- [EXERCISE DETAILS]: The output is a word-for-word repeat of the listing below, free of images.

- [SOURCE DATA]:
== Segment start ==
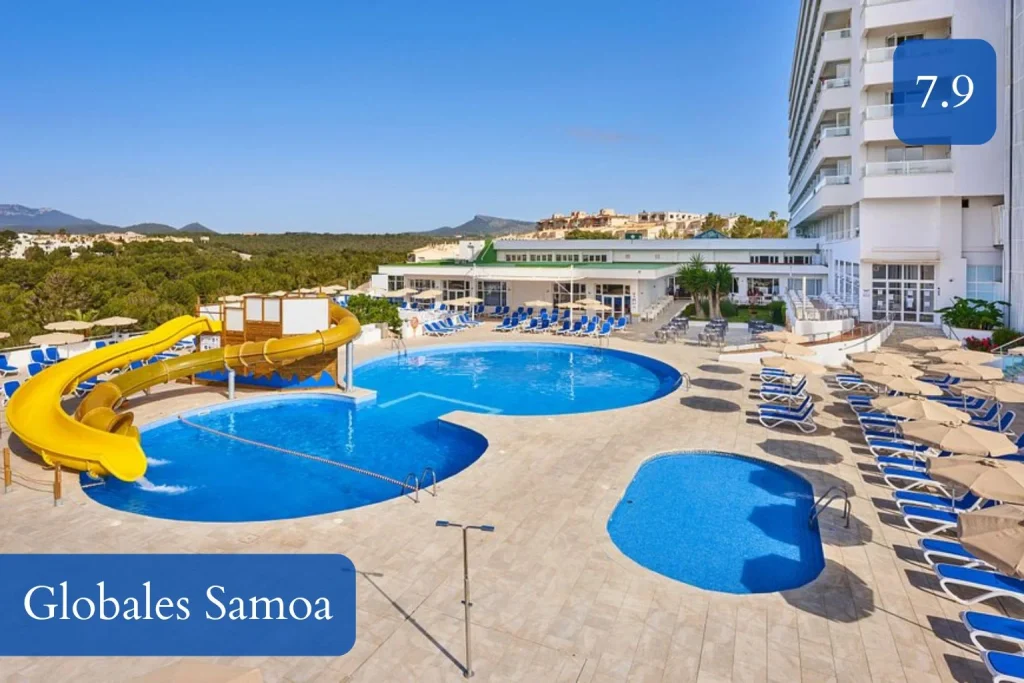 Pool area with water slide and sun terrace at Globales Samoa in Calas de Mallorca, Mallorca.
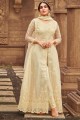 Net Eid Anarkali Suit with Stone with moti in Cream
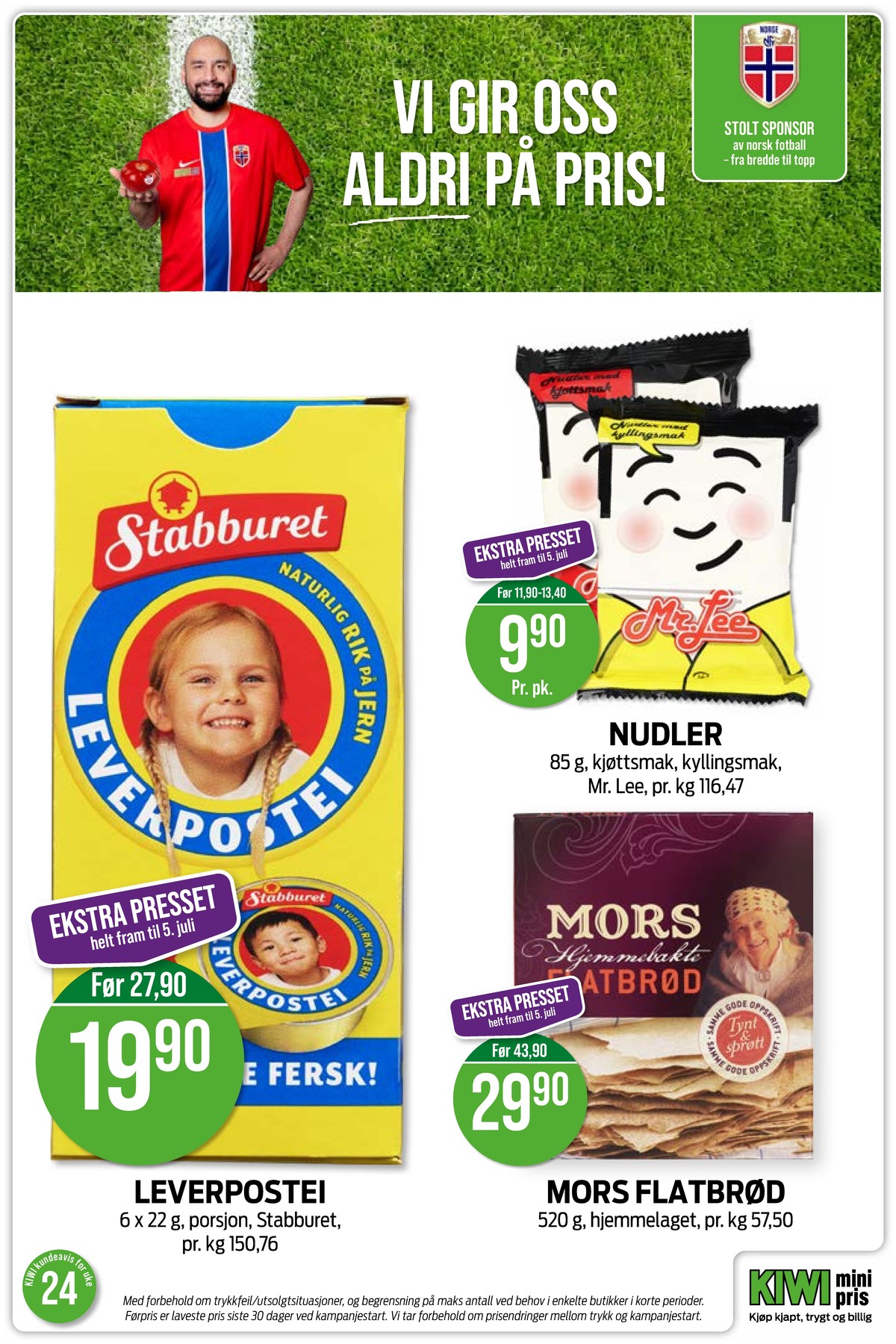 Se Kiwi kundeavis for uke 24 på Tilbudsuken.no. Se gode tilbud på mange varer, f.eks. leverpostei stabburet eller nudler med kjøtt mr lee. Les kundeavisen her! Side 15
== Segment end ==
- [TASK ANSWER]:
 Pool area with water slide and sun terrace at Globales Samoa in Calas de Mallorca, Mallorca.
 Net Eid Anarkali Suit with Stone with moti in Cream
 Se Kiwi kundeavis for uke 24 på Tilbudsuken.no. Se gode tilbud på mange varer, f.eks. leverpostei stabburet eller nudler med kjøtt mr lee. Les kundeavisen her! Side 15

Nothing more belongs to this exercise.